====== DATA BELOW ======

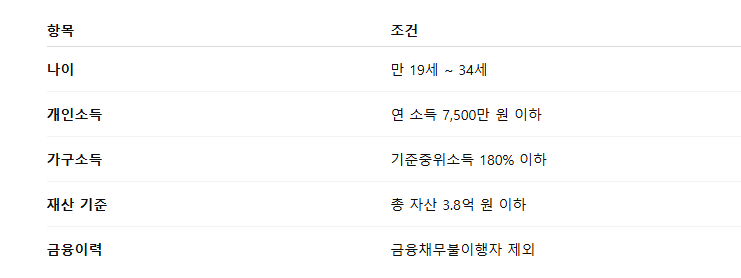 청년도약계좌 가입조건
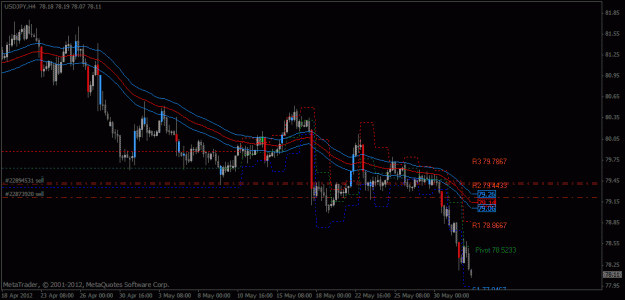 Click to Enlarge

Name: usdjpy.gif
Size: 19 KB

======

TASK PROMPT: Using the data above, write out every line exactly, leaving the images behind.

TASK SOLUTION:
 청년도약계좌 가입조건
 Click to Enlarge

Name: usdjpy.gif
Size: 19 KB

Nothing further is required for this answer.